By the mode that large data analysis is polymerized, utilize daily record data and the external data of existing procucts.Quick position has arrived the content that semantic extension is asked, original " thinking " expansion is asked, has made into judge its content accuracy.Significantly improve the efficiency of semantic extension, and reduce the probability of " leakage is thought ".Meanwhile, the expansion of location asks that content is from the actual usage data of product, the actual use habit of the user that more fits.
Those skilled in the art will understand further, and the various illustrative logic plates, module, circuit and the algorithm steps that describe in conjunction with embodiment disclosed herein can be embodied as electronic hardware, computer software or the combination of both.For clearly explaining orally this interchangeability of hardware and software, various illustrative components, frame, module, circuit and step are done vague generalization above with its functional form and are described.This type of is functional is implemented as hardware or software depends on embody rule and puts on the design constraint of total system.Technician can realize described functional by different modes for often kind of application-specific, but such realize decision-making and should not be interpreted to and cause having departed from scope of the present invention.
Software should be construed broadly into mean instruction, instruction set, code, code segment, program code, program, subroutine, software module, application, software application, software package, routine, subroutine, object, can executive item, execution thread, code, function etc., no matter it is that to address with software, firmware, middleware, microcode, hardware description language or other term be all like this.
The various illustrative logic plates, module and the circuit that describe in conjunction with embodiment disclosed herein can realize with general processor, digital signal processor (DSP), special IC (ASIC), field programmable gate array (FPGA) or other programmable logic device (PLD), discrete door or transistor logic, discrete nextport hardware component NextPort or its any combination being designed to perform function described herein or perform.General processor can be microprocessor, but in alternative, and this processor can be the processor of any routine, controller, microcontroller or state machine.Processor can also be implemented as the combination of computing equipment, the combination of such as DSP and microprocessor, multi-microprocessor, with one or more microprocessor of DSP central cooperation or any other this type of configure.

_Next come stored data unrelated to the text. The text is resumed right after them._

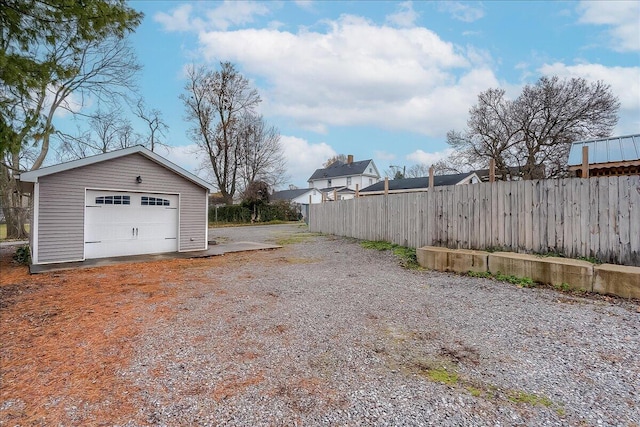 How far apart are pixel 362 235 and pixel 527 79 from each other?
1520 centimetres

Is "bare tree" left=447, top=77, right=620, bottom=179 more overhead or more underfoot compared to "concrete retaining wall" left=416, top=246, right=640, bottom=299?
more overhead

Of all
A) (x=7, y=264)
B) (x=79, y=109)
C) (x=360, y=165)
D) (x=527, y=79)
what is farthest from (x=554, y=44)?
(x=360, y=165)

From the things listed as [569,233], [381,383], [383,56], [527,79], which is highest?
[527,79]

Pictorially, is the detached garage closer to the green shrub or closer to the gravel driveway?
the green shrub

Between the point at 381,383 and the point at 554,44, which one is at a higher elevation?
the point at 554,44

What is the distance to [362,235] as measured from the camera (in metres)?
12.1

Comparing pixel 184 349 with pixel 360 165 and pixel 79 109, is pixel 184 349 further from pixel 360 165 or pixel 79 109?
pixel 360 165

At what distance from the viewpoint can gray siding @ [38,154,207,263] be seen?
8.09m

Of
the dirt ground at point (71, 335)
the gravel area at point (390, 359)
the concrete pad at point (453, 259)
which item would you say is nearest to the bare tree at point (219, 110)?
the dirt ground at point (71, 335)

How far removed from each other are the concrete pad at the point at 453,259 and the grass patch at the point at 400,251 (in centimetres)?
27

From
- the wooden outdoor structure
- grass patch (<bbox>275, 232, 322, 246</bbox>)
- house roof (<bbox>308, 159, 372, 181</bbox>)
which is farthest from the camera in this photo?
house roof (<bbox>308, 159, 372, 181</bbox>)

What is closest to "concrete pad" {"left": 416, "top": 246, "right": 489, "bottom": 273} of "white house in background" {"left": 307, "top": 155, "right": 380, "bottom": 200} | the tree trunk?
the tree trunk

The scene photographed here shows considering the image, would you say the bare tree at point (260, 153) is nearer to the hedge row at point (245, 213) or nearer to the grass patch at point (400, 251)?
the hedge row at point (245, 213)

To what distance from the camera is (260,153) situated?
2958cm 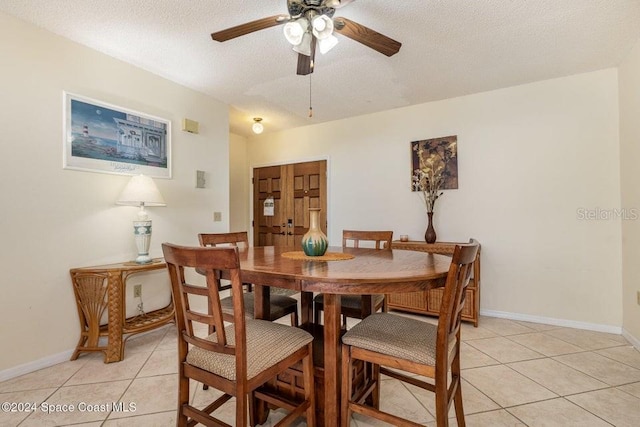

The method described in conjunction with embodiment disclosed herein or the step of algorithm can be embodied directly in hardware, in the software module performed by processor or in the combination of both and embody.Software module can reside in the storage medium of RAM storer, flash memory, ROM storer, eprom memory, eeprom memory, register, hard disk, removable dish, CD-ROM or any other form known in the art.Exemplary storage medium is coupled to processor and can reads and written information from/to this storage medium to make this processor.In alternative, storage medium can be integrated into processor.
Thering is provided previous description of the present disclosure is for making any person skilled in the art all can make or use the disclosure.To be all apparent for a person skilled in the art to various amendment of the present disclosure, and generic principles as defined herein can be applied to other variants and can not depart from spirit or scope of the present disclosure.Thus, the disclosure not intended to be is defined to example described herein and design, but the widest scope consistent with principle disclosed herein and novel features should be awarded.